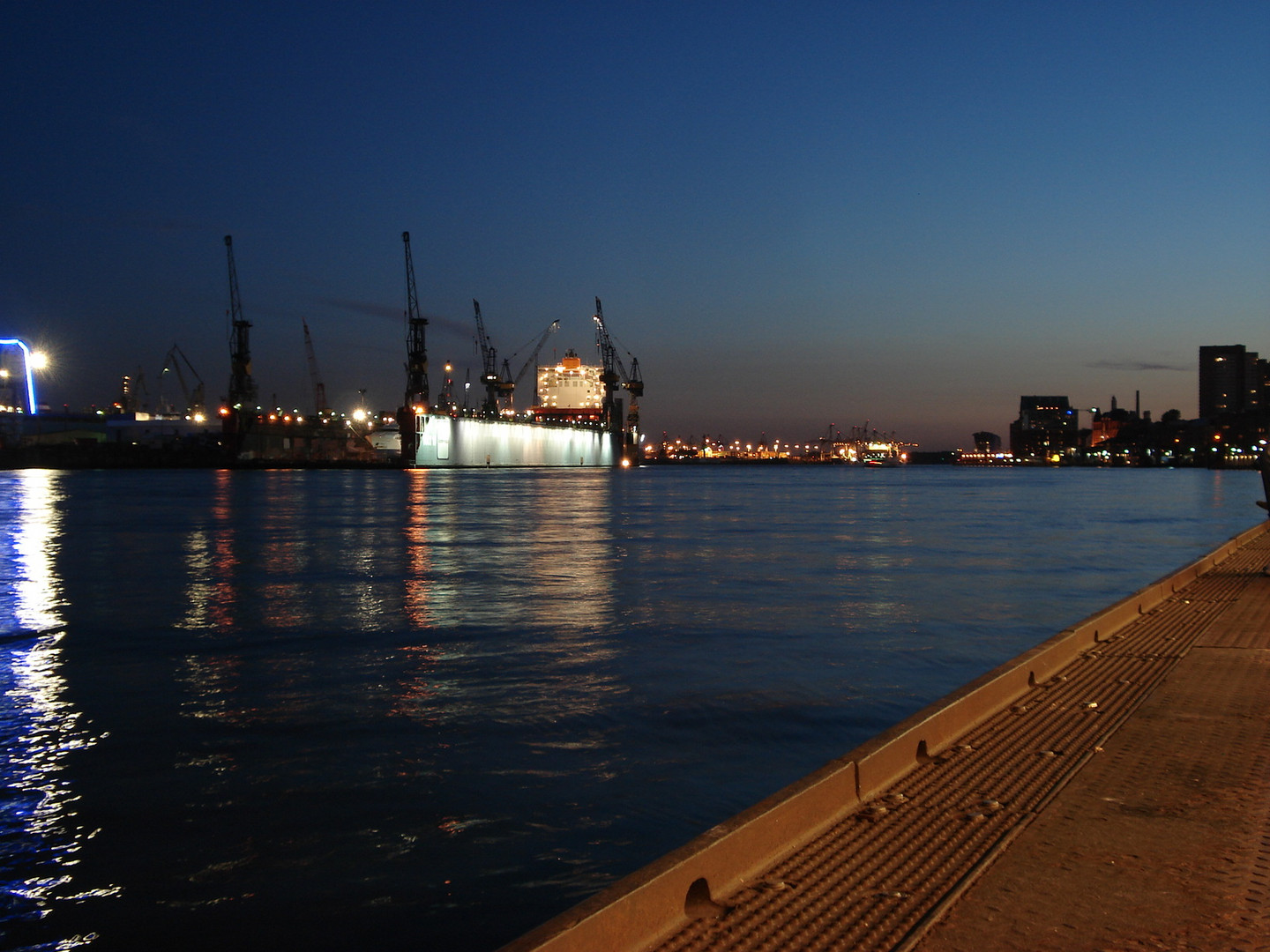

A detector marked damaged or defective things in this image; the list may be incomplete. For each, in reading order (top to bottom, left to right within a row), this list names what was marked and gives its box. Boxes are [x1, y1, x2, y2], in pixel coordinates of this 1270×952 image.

rusty metal walkway [500, 523, 1270, 952]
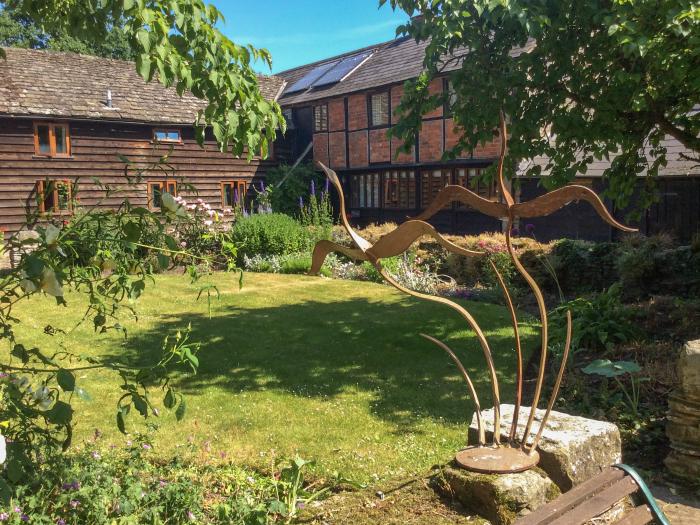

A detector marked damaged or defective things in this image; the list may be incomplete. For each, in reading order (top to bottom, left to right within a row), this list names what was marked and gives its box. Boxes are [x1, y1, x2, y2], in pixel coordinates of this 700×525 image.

rusty metal sculpture [308, 112, 636, 472]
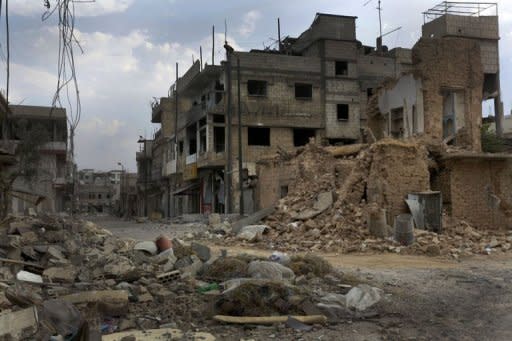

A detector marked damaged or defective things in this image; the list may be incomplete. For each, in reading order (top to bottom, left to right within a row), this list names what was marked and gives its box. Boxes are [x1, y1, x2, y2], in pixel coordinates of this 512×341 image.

broken window [248, 79, 268, 95]
broken window [296, 83, 312, 99]
broken window [247, 126, 270, 145]
broken window [294, 126, 314, 145]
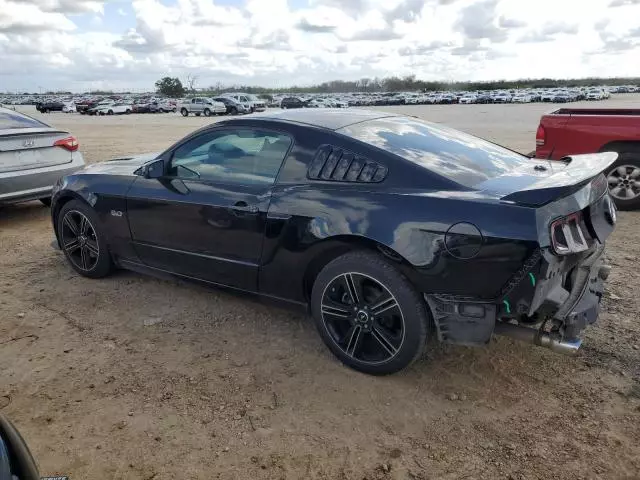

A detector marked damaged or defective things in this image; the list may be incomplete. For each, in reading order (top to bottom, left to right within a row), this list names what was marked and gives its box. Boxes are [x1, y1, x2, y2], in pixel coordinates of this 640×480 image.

damaged rear bumper [424, 246, 608, 354]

------------------------

## THE TASK
Only the lines from the one with "this 640×480 image." through the last line above should be restated, word for word.

## ANSWER FOR THIS EXERCISE
A detector marked damaged or defective things in this image; the list may be incomplete. For each, in reading order (top to bottom, left to right within a row), this list names what was marked and gives its box. Boxes are [x1, y1, x2, y2], in pixel coordinates of this 640×480 image.

damaged rear bumper [424, 246, 608, 354]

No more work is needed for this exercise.